I’ve written previously about the sticky note application for KDE called KNotes. KNotes, despite having a very simple interface (it looks like a sticky note!), is actually very powerful. With the ability to set reminders, send emails, print and more, KNotes is more than just a simple sticky note utility. Sometimes, however, what you want is a simple solution. The sticky note is perfect for those times when you just want to slap a reminder up on the side of computer monitor so you don’t forget. And while it’s great that something powerful like KNotes exists, sometimes less is more. For those times, a solution already exists in KDE, called Plasma Notes.
Plasma Notes is a plasmoid, which is the KDE term for the large variety of widgets or gadgets that can be added to either the panel or desktop. Plasmoids can do many things, from check for new emails to reporting CPU statistics. The great thing about plasmoids is that they sit on your desktop, always in sight (except when they’re covered by other windows), can be moved around the desktop to wherever you want, and can be removed with a single click.
That sounds a little bit like the old-fashioned sticky note to me.
I gave the Plasma Notes plasmoid a quick going-over the other day, and liked what I saw. It’s simple, useful, configurable (but not too much), and is far easier to use than KNotes. It’s certainly less powerful than KNotes – a full-fledged application – but for those times you just need a single reminder to wash the car, mow the lawn or de-claw the cat, it’s fantastic.

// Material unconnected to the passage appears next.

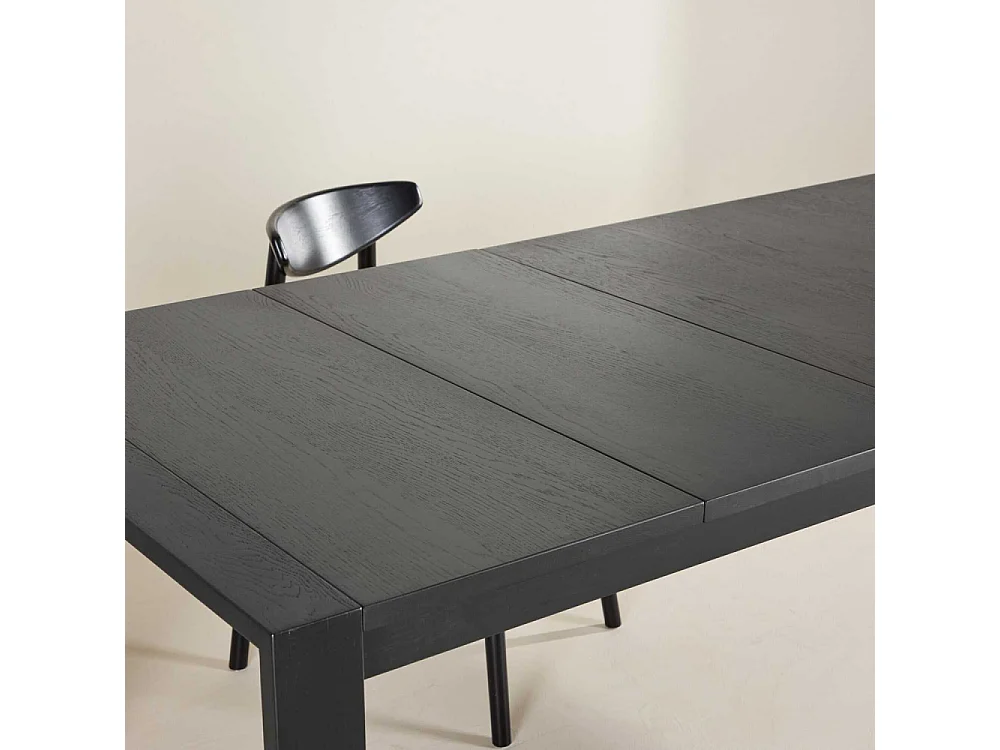 Table à Manger Extensible en Bois "Slider" 170-250cm Noir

To access the sticky notes plasmoid, first click the tiny tool box icon in the upper right of your screen. You may need to click it twice. The tool box, commonly known as the cashew, is where you access certain configuration options, as well as where you go to add new widgets to the desktop. After you’ve chosen to add a widget, a new bar will appear along the bottom of your screen. Perform a search for “notes” (or browse through until you find it). Once you have it, drag it to wherever you want the sticky note to appear on your screen.
Once there, click to close the Add widget bar, and begin using your new sticky note. It’s really simple. You have a few text formatting options: bold, italics, underline and strikethru, as well as the option to center your text, or to make it fully justified. On a per-note basis, you can also change the color of the sticky note. Besides the default yellow are eight other color choices: black, white, green, pink, red, orange, blue and transparent, which blends nicely against your desktop wallpaper.
If you go into the widget’s preferences, you’ll be able to change the text used, as well as if the note should be bold or italic by default. You can set a larger or smaller size for the font, and have two font color options (the color of the text, and the color of highlighted text), and can choose a default color for the sticky note itself. Finally, you can enable or disable automatic spell checking.
And that’s it. As I said at the top, the sticky note widget is very simple. It’s not meant to be a replacement for KNotes, nor could it be, except in the most basic uses. It’s kind of a throw-back, in a way. It makes sticky notes what they were originally, before technology made it possible to send emails whenever a sticky note – now more of a task or to-do list item – came due. The widget, on the other hand, is simple. It’s a sticky note, what more do you expect?